This is the 2nd post in a small mini series that I will be doing using Apache Kafka + Avro. The programming language will be Scala. As such the following prerequisites need to be obtained should you wish to run the code that goes along with each post. The other point is that I am mainly a Windows user, as such the instructions, scripts will have a Windows bias to them. So if you are not a Windows user you will need to find the instructions for your OS of choice.
Prerequisites
- Down the open source confluent platform : https://www.confluent.io/download/?utm_medium=ppc&utm_source=adwords&utm_campaign=Branded&utm_content=https://www.confluent.io/download/&utm_term=%2Bconfluent%20%2Bio%20%2Bdownload&b&gclid=CjwKCAjw9qfZBRA5EiwAiq0AbR4M47Cvwr5bXA8z5LbGdsvz7eQYhAs0CovCqiuHNHtF1EE4xhNf8RoCCnQQAvD_BwE#popup_form_1905
- IntelliJ IDEA Community edition (Scala IDE), you should enable the SBT plugin in this
- Java 1.8 SDK
- SBT (Scala build tool)
So go and grab that lot if you want to follow along.

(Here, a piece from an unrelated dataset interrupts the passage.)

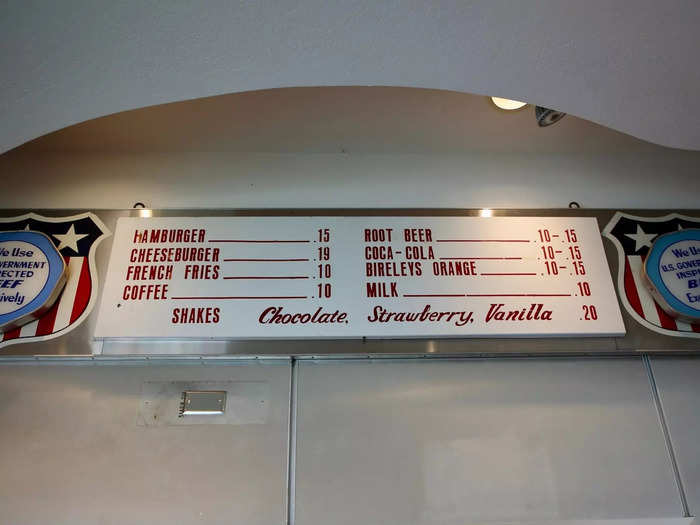 An old menu board showed just nine items for sale, and hamburgers only cost 15 cents.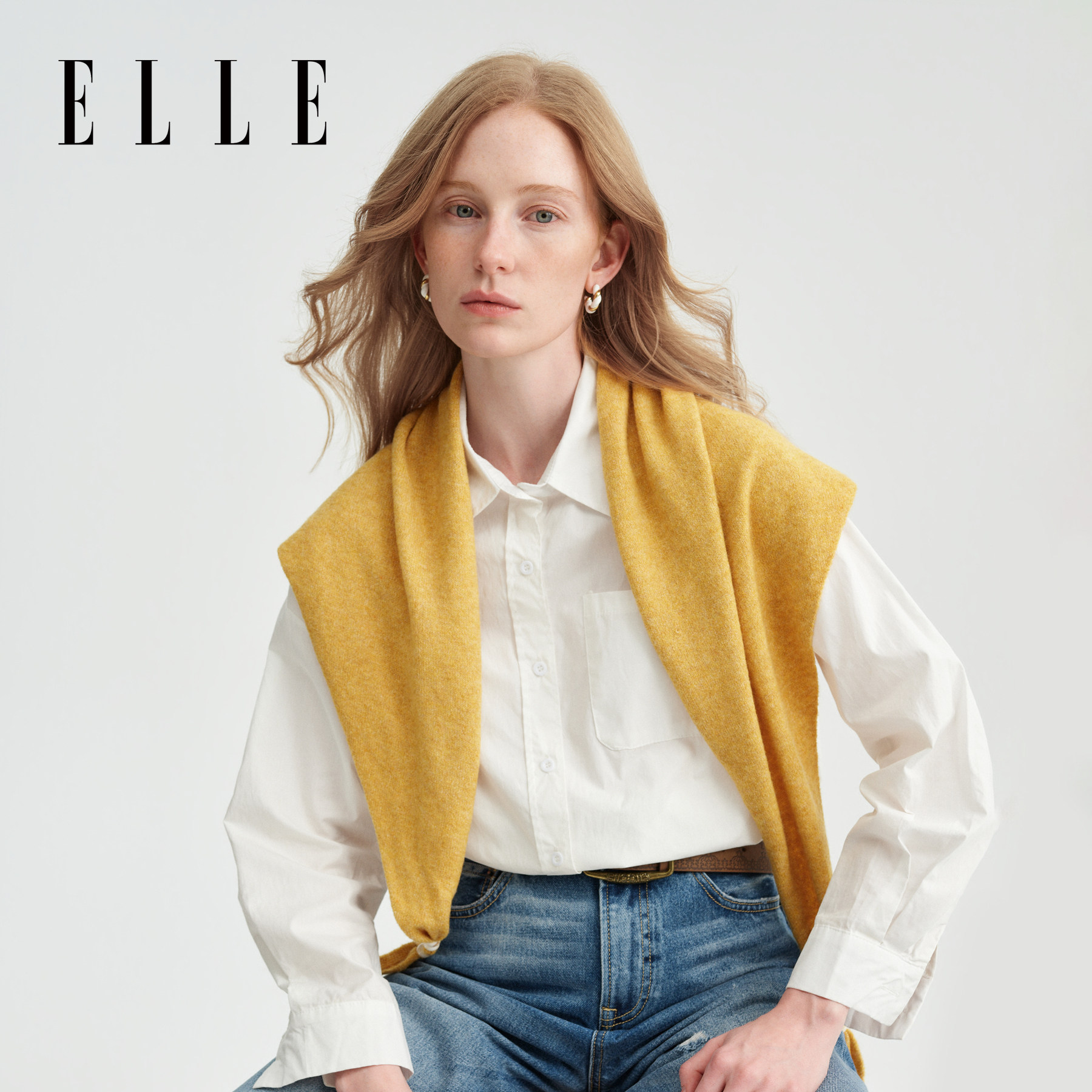 ELLE珠饰针织披肩三角巾保暖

Last time we talked about how to create a Kafka Producer/Consumer which did use Avro, but used the GenericRecord approach, which kind of works more like a dictionary of key value pairs. This time we will be talking about how to use the KafkaAvroSerializer to send specific Avro types using Kafka and the Kafka Schema Registry.
Kafka Schema Registry
So just what is the Kafka Schema Registry?

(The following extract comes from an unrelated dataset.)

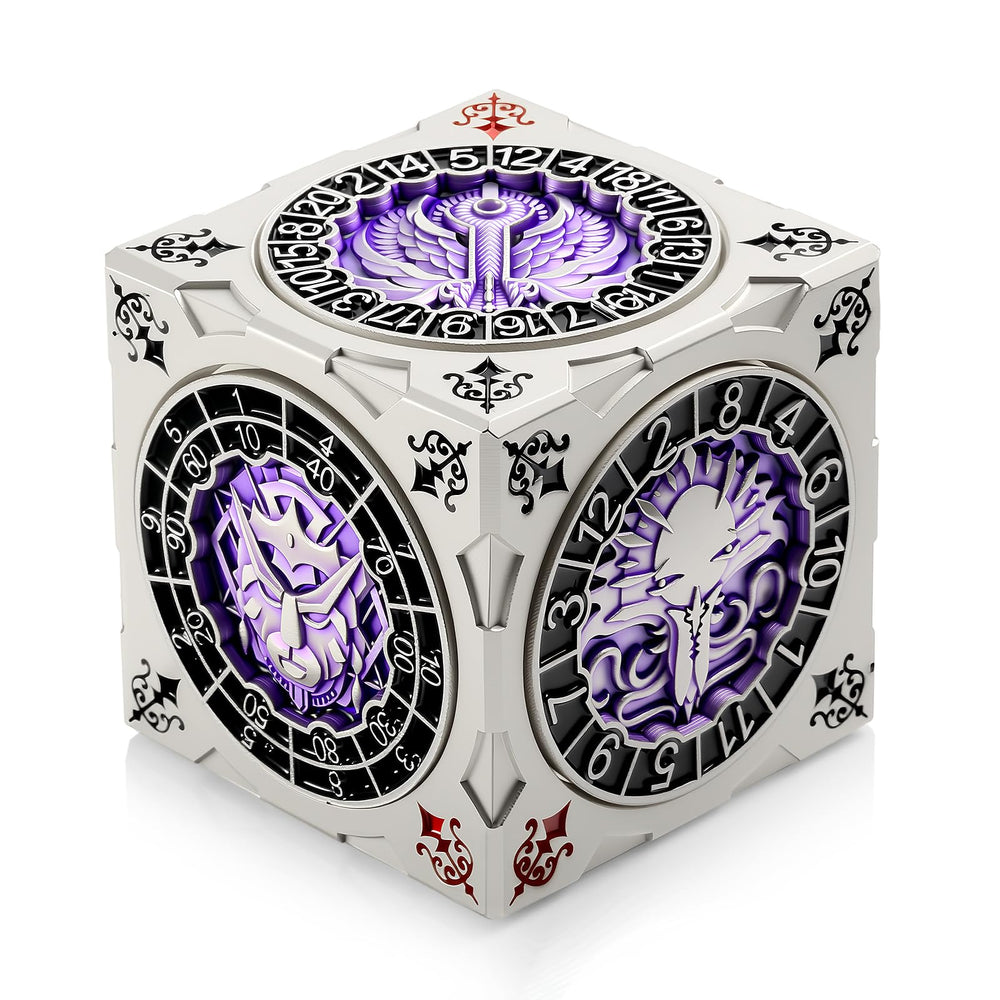 DNDND spinner dice cube in silver-purple finish for dramatic on-table ambiance.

Schema Registry is part of the Confluent Open Source and Confluent Enterprise distributions. The Schema Registry stores a versioned history of all schemas and allows for the evolution of schemas according to the configured compatibility settings and expanded Avro support.

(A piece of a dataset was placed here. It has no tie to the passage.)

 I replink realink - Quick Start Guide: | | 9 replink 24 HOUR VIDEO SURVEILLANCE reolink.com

https://docs.confluent.io/current/schema-registry/docs/index.html up on date 26/06/18
I don’t want to dwell too much on the internals of the Kafka Schema Registry as we will be looking at in fine detail in the next post. But for now, it is important to understand that both Kafka/KafkaStreams suport using the Schema Registry when sending/receiving Avro content. They will also raise Exceptions should you try to send incompatible Avro content through a topic which uses the Schema Registry that breaks the Schemas compatibility rules within the Schema Registry.
If all of that sounds a bit whack, don’t worry we will be getting into it more in the next post
I just wanted to give a small overview of how the Schema Registry fits with the Kafka eco system. The rest of this article will be more about how we can make use of the KafkaAvroSerializer to send Avro data of our own types rather than use the previously demonstrated GenericRecord approach.
Where is the code for this post?
You can grab the code that goes with this post from here : https://github.com/sachabarber/KafkaAvroExamples/tree/master/KafkaSpecificAvro
SBT
I decided that I would take the hit and craft a multi-project SBT setup, which looks like this
import Deps._ import sbt.Keys.scalaVersion lazy val root = (project in file(".")). aggregate(publisher, subscriber). settings( inThisBuild(List( organization := "com.barber", scalaVersion := "2.12.1", resolvers += "Sonatype OSS Snapshots" at "https://oss.sonatype.org/content/repositories/snapshots", resolvers += "io.confluent" at "http://packages.confluent.io/maven/" )), name := "scala_kafka_specific_avro_example" ) lazy val publisher = (project in file ("publisher")). settings( name := "publisher", /* sourceGenerators in Compile += (avroScalaGenerateSpecific in Compile).taskValue, */ libraryDependencies ++= Seq( kafka, avro, avroSerializer, logBack) ).dependsOn(common) lazy val subscriber = (project in file ("subscriber")). settings( name := "subscriber", /* sourceGenerators in Compile += (avroScalaGenerateSpecific in Compile).taskValue, */ libraryDependencies ++= Seq( kafka, avro, avroSerializer, logBack) ).dependsOn(publisher, common) lazy val common = (project in file ("common")). settings( name := "common", libraryDependencies ++= Seq( kafka, avro, avroSerializer, logBack) )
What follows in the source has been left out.